** Given records **
Start of Block
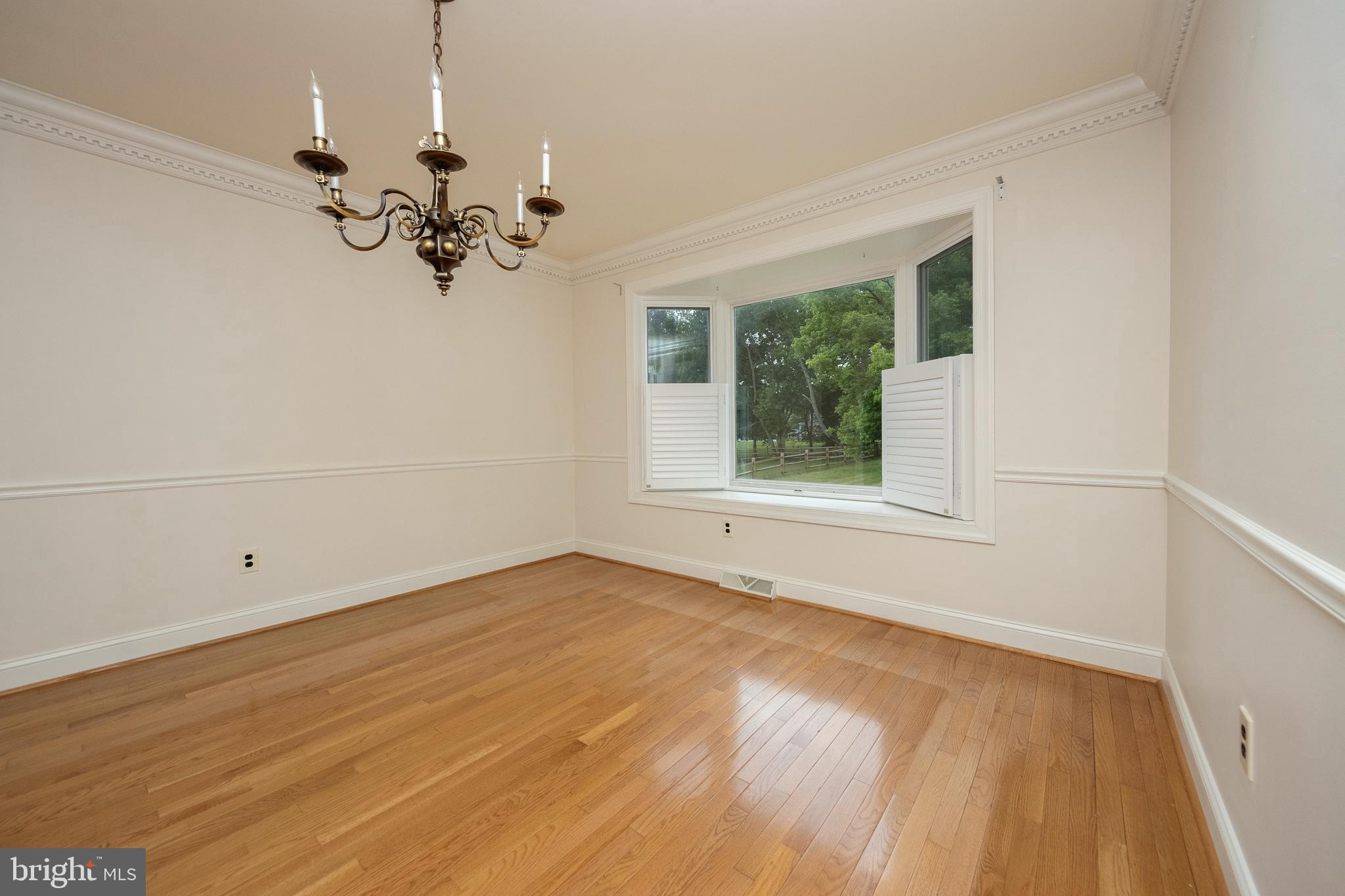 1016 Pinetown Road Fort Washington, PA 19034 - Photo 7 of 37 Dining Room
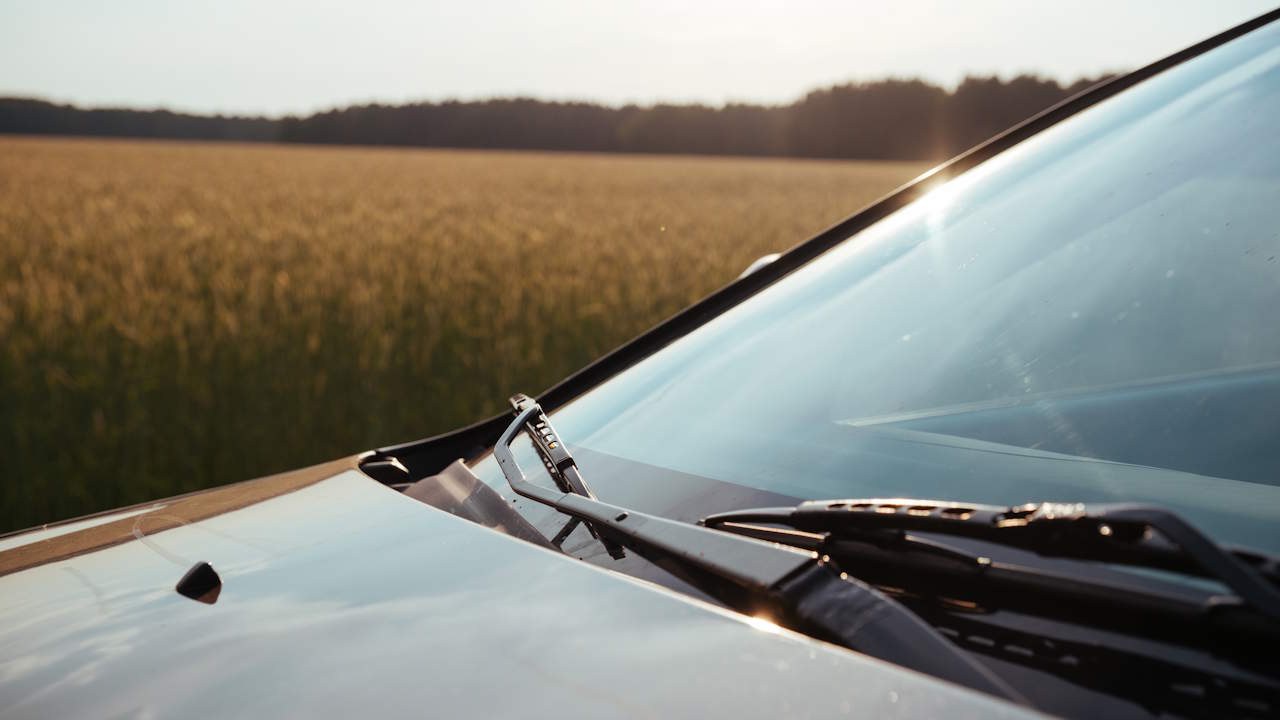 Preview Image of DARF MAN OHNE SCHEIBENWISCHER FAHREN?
End of Block
Start of Block
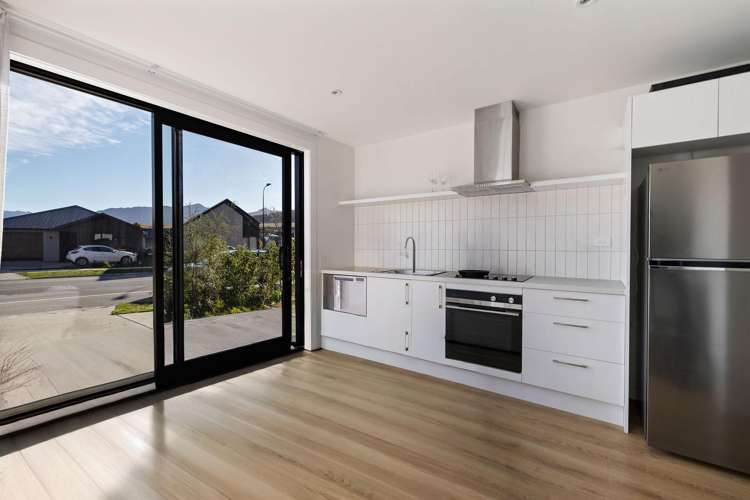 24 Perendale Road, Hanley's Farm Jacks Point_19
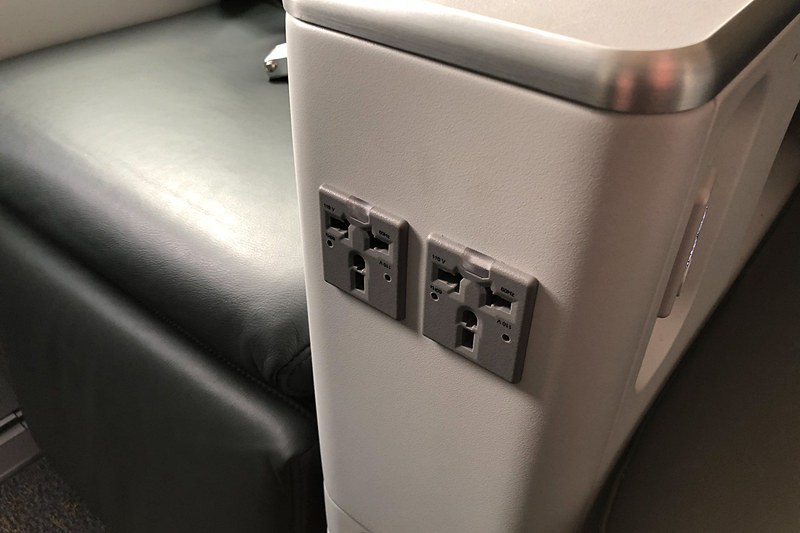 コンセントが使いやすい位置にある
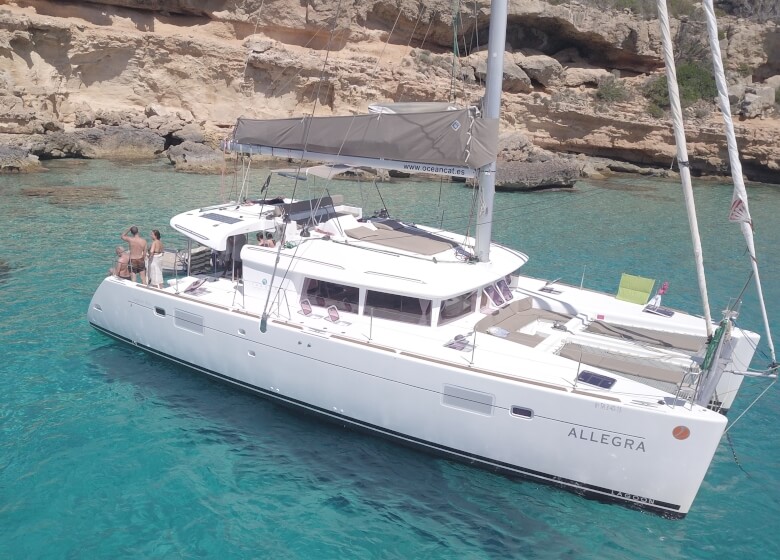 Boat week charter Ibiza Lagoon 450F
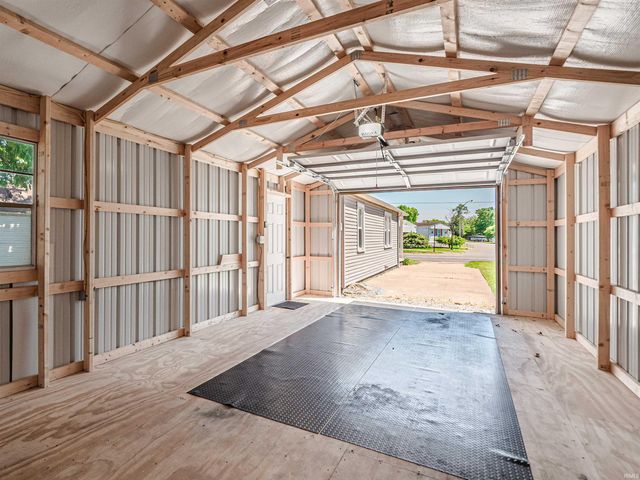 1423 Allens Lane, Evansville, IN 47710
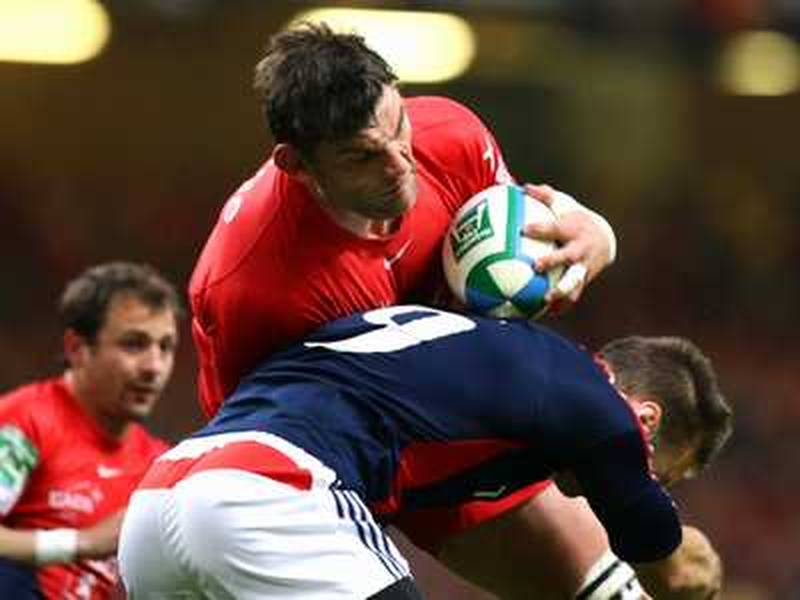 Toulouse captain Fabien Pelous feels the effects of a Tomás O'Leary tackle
End of Block
** Exercise brief **
Only the lines starting at the one that includes "コンセントが使いやすい位置にある" and ending at the one that includes "Toulouse captain Fabien" should be retyped, exactly, from the records above; no pictures.

** Answer for the task **
 コンセントが使いやすい位置にある
 Boat week charter Ibiza Lagoon 450F
 1423 Allens Lane, Evansville, IN 47710
 Toulouse captain Fabien Pelous feels the effects of a Tomás O'Leary tackle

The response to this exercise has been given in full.